ただ、意外と分からないぞと思うのは、MVPの投票は30人の記者が行うんです。MLBには30球団あるんですが、それぞれの本拠地の記者が行う。となると、いくらマスコミの中心のニューヨークとはいえ、そして東海岸が強いとはいえ、投票するのはアメリカ全土の30人ですから。ニューヨークの人ばかりでも、ありません。タンパベイとか、ミネアポリスなんかの人もいるわけです。ジャッジじゃねーの、という雰囲気づくりは十分わかるけど、蓋を開けてみるまで分からないよね、と、本当に思う。
どうせ、この結果が出るのは11月ですから。1ヶ月以上も先の話ですが。これ、ジャッジが受賞したら、アメリカだなぁ、という気がする。まだ「アメリカ」が根付いているな、と。でも大谷選手が受賞したら、アメリカという概念が崩れるのがリアルで感じられる。まさに「異端」が「正統」を上回る、いわば、アメリカという宗教の終焉になるのかな、と。大袈裟ですけど。野球が好きだから、大袈裟に言いますけど。アメリカという宗教が立ちはだかる、という感じがするんですよ。という意味で、文化的な観点からもMVPがどちらになるか、超面白い。

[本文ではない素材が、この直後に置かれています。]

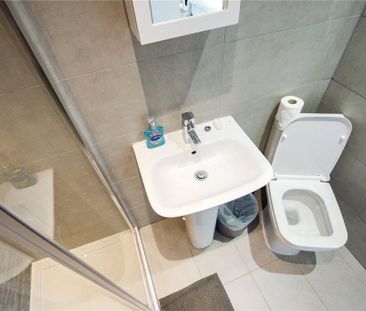 8 bedroom house to rent - Photo 4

野球というアメリカ文化か、それとも、データか。魂か、数字か。冷静に考えれば、どう見ても、大谷の方がすごいんですよ。もう、ほとんどの人が分からなくてもいいと思って書きますが、WARもジャッジがちょっと上だけど、そもそもロースターを1人あけているなんていうのはWARで換算できないでしょう。実質、野手か投手をもう一人、ベンチに入れられるっていうことなんですから。そんなもん、WARだったらプラス10ぐらいしてもいいと思うんですけど。

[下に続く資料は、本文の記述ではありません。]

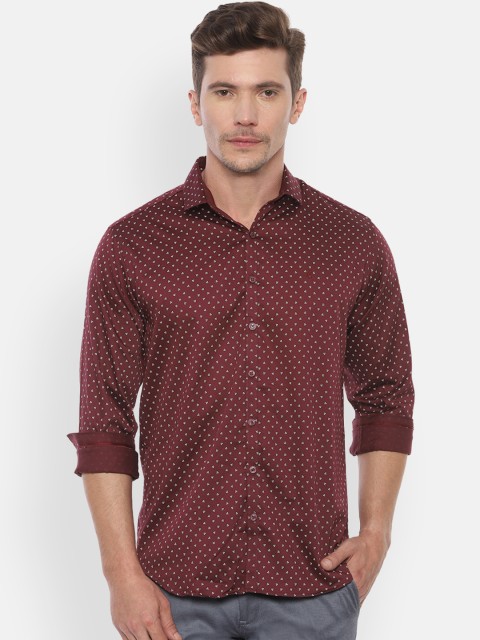 

V Dot Men Maroon Slim Fit Printed Casual Shirt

だから、数字で言えば明らかに大谷選手が上。で、感情の問題です。アメリカ人の伝統的なスポーツである、野球。でも人気は下がって、アメフトやバスケに客を取られて「老人が見るスポーツ」みたいにも、なっている。その中で、右の大砲という、しかもヤンキースのセンターという、ど真ん中のアメリカ人。一方でマジきち記録を出し続ける外国人。ジャッジがMVPなら、アメリカという文化はまだまだ強く、でも、強いからこそ、変わるタイミングを失うのかなとも思う。この先、何年か大谷選手が受賞すれば、野球それ自体の底上げになるかも。
保守と革新、という言い方も出来ますよ。ま、いずれにせよ、たった30人の投票ですから、ランダム性が高いです。いくらマスコミが騒ごうとも、分からない。ってことで、youtubeでMLBニュースを追うのが楽しみの一つです。また明日。